To outsiders, the idea of keeping a dead man’s body on show at home feels quite alien. Yet for more than a million people from this part of the world – the Toraja region of Sulawesi in eastern Indonesia – it’s a tradition dating back centuries. Here, animist beliefs blur the line between this world and the next, making the dead very much present in the world of the living.
Toraja
After someone dies, it may be months, sometimes years, before a funeral takes place. In the meantime, the families keep their bodies in the house and care for them as if they were sick. They are brought food, drink and cigarettes twice a day. They are washed and have their clothes changed regularly. The dead even have a bowl in the corner of the room as their “toilet”. Furthermore, the deceased are never left on their own and the lights are always left on for them when it gets dark. The families worry that if they don’t take care of the corpses properly, the spirits of their departed loved ones will give them trouble.
Traditionally, special leaves and herbs were rubbed on the body to preserve it. But nowadays, a preserving chemical, formalin, is injected instead, which leaves a powerful chemical smell in the room.
“Although we’re all Christians, relatives often visit him or call on the phone to see how Dad’s doing, because we believe that he can hear us and is still around,” Namak Lisa says of her father who, actually died 12 years ago, feeling an emotional attachment with him.
Contrary to what we are used to, there is no sign of fear of the dead among the Torajans.
My own father passed away some years ago, and he was buried almost immediately and I have never been able to get over that grief. To the Torajans, keeping the dead under the same roof helps them to slowly come to reality about their death.
During their lives, Torajans work hard to accumulate wealth. But rather than striving for a luxurious life, they’re saving up for a glorious departure. Cirinda will lie here until his family is ready to say goodbye – both emotionally and financially. His body will finally leave the family home during an unimaginably lavish funeral, after a grand procession around the village.
According to Torajan belief, funerals are where the soul finally leaves this Earth and starts its long and hard journey into Pooya – the final stage of the afterlife, where the soul gets reincarnated. Buffaloes are believed to be the carriers of the soul into the afterlife and that’s why families sacrifice as many of them as they can, to help make the journey easier for the deceased.

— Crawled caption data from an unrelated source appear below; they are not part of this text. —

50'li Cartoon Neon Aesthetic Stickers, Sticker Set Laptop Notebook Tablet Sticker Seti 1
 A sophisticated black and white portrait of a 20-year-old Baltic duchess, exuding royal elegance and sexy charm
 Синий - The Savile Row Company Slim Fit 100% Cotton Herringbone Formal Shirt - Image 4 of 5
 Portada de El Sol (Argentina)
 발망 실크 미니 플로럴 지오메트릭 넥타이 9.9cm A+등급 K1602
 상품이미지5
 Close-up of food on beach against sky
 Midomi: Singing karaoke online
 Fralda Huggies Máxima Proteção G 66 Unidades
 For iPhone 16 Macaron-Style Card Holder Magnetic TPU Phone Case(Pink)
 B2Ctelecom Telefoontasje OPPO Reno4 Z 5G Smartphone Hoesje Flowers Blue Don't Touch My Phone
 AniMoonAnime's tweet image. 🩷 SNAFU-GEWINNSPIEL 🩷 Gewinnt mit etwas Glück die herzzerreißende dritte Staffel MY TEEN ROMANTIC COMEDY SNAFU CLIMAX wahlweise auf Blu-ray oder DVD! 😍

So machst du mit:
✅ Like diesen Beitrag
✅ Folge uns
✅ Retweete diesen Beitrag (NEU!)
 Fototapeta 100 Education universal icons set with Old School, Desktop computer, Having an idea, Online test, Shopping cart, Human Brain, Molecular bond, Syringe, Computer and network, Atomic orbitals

Torajans spend most of their lives saving up for these rituals. Once the families have saved up enough, they invite all friends and relatives from all over the world. The wealthier the deceased when alive, the larger and more elaborate these ceremonies.
After the funeral, it’s finally time to inter the dead. Torajans are rarely buried in the ground. Instead, they are either interred in family tombs or placed inside or outside caves – as it’s a mountainous region, there are many of them. These caves are yet another place where the afterlife seemingly connects with this one. Sometimes winding for kilometres, they hold innumerable coffins and corpses, and even loose skulls and bones. Friends and family bring “necessities” for their dead relatives – often money and cigarettes.
In a tradition pre-dating photography, the images of dead noble men and women are carefully carved out of wood. Known astau tau , these sculptures wear the clothes, jewelry and even the hair of the deceased – silent sentinels looking out over this world from another plane. On average they cost 3.7m ushs to make.
And the ceremony itself is not a final good bye. The physical relationship between dead and the living continues long after, through a ritual called ma’nene , or the “cleansing of the corpses”. Every couple of years, families take the coffins of long-departed relatives out of their graves and open them up, for a big reunion with the dead. At ma’nene ceremonies, friends and family offer food and cigarettes to the dead and lovingly groom and clean them. Then they pose with them for new family portraits.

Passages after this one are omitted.